_ACTION ITEM_:
Records follow. Print exactly the lines from the one that has "ビジネスウーマン 32041620" through the one that has "Stunning Villa With", inclusive, and omit the pictures.

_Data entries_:
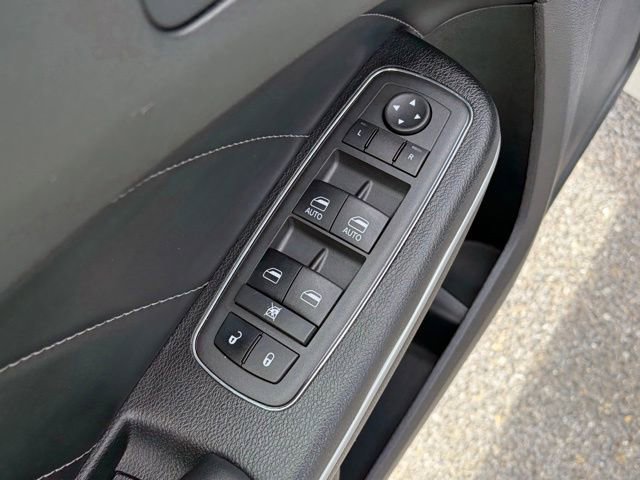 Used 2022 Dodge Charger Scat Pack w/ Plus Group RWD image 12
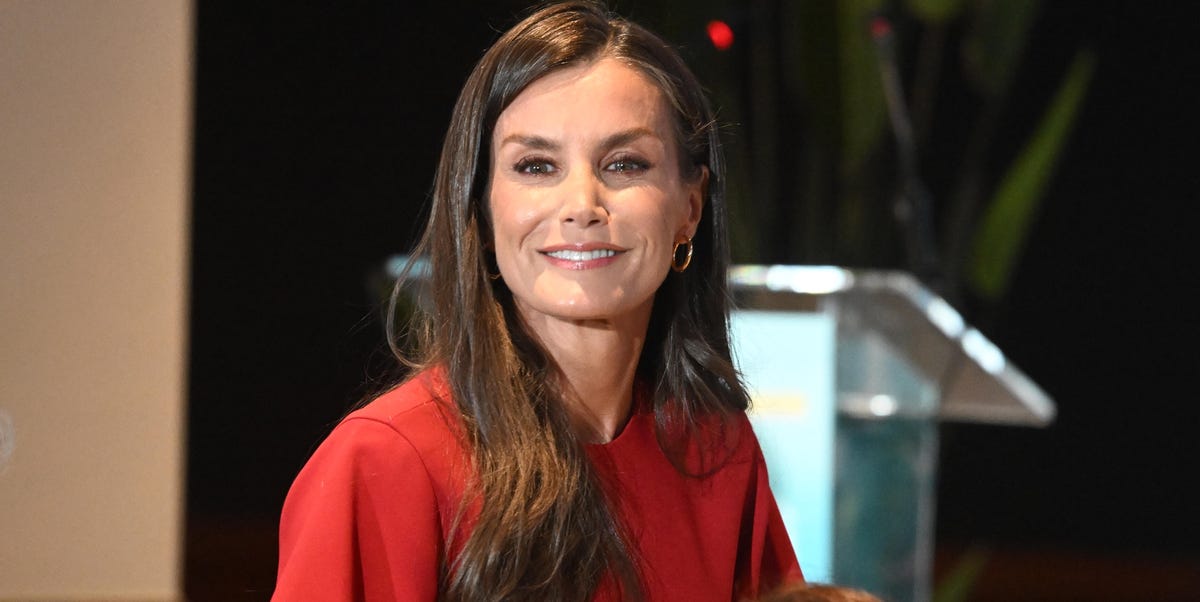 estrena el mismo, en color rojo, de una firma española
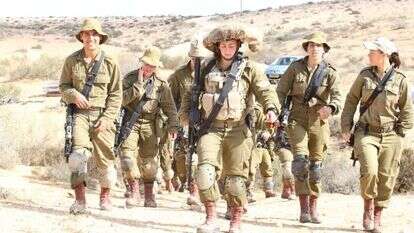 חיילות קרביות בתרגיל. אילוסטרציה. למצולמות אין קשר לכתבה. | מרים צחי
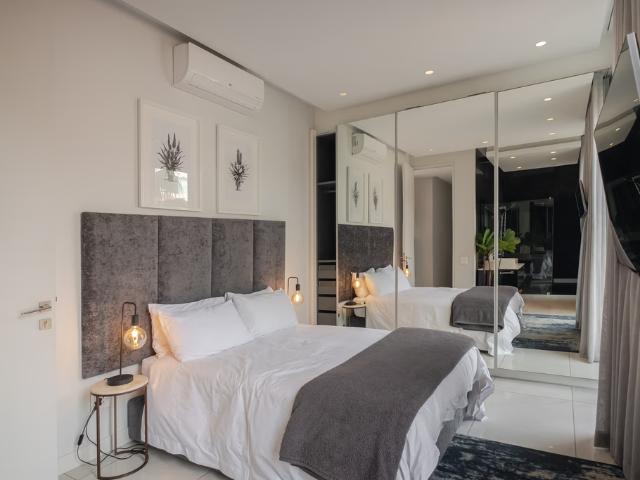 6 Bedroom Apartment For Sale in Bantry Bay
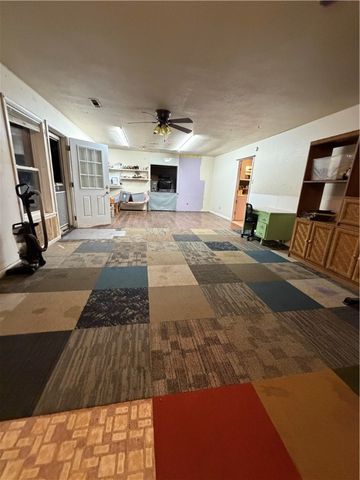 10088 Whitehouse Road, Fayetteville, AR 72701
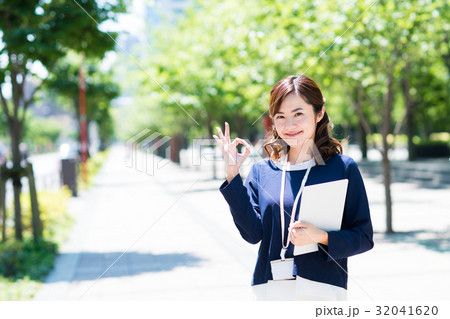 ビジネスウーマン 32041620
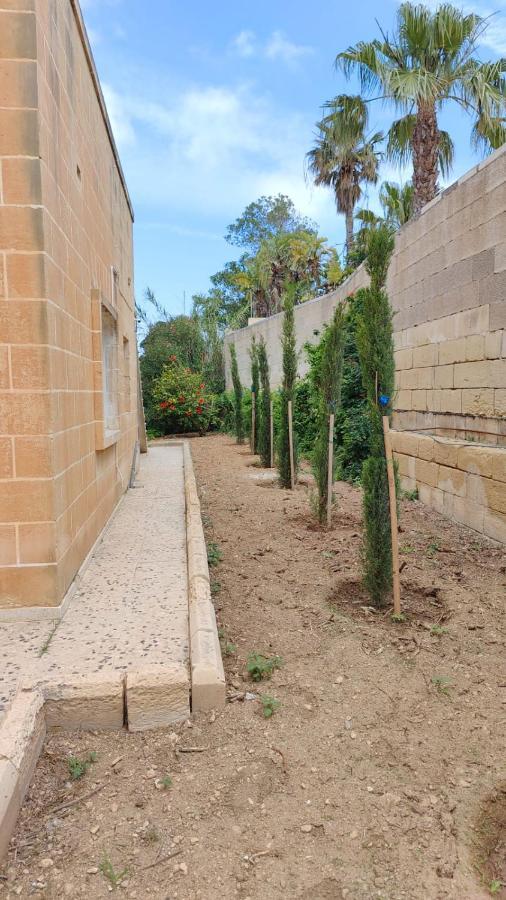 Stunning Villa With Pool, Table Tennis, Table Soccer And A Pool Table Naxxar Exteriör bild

* * *

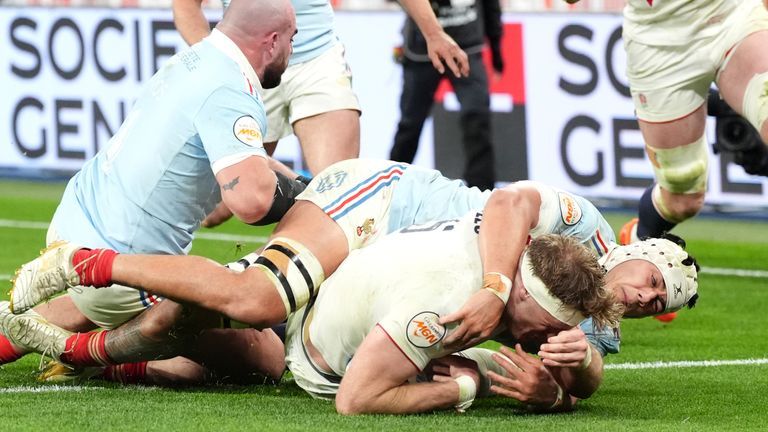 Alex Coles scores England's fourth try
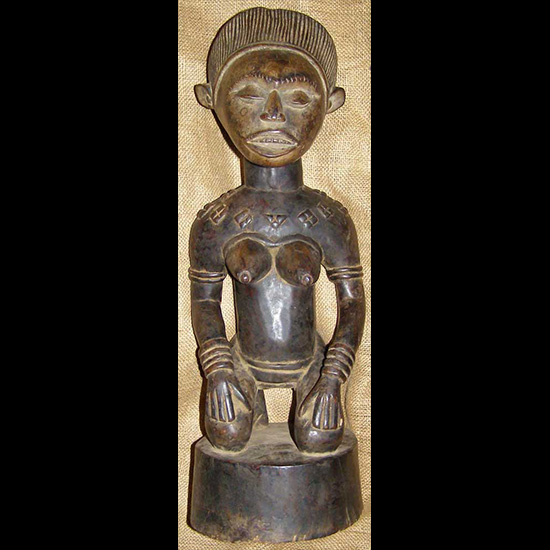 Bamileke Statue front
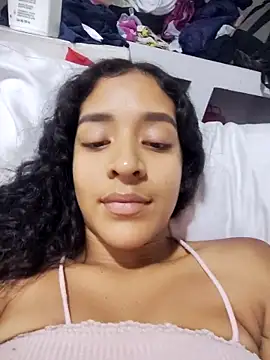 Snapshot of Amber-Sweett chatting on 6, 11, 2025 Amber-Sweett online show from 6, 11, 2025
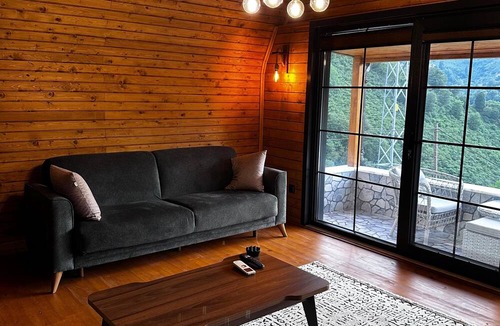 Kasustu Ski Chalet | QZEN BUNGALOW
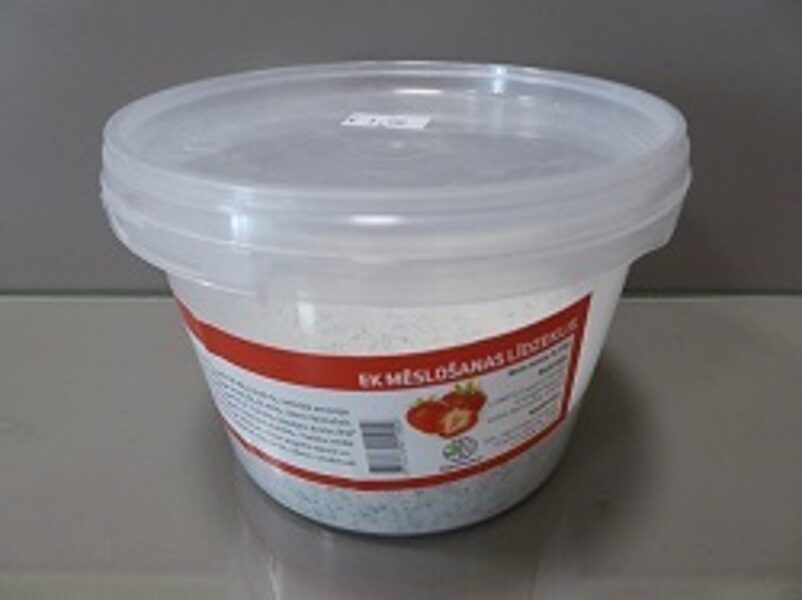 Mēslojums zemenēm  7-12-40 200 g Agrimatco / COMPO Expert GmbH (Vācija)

_FINAL ANSWER_:
 ビジネスウーマン 32041620
 Stunning Villa With Pool, Table Tennis, Table Soccer And A Pool Table Naxxar Exteriör bild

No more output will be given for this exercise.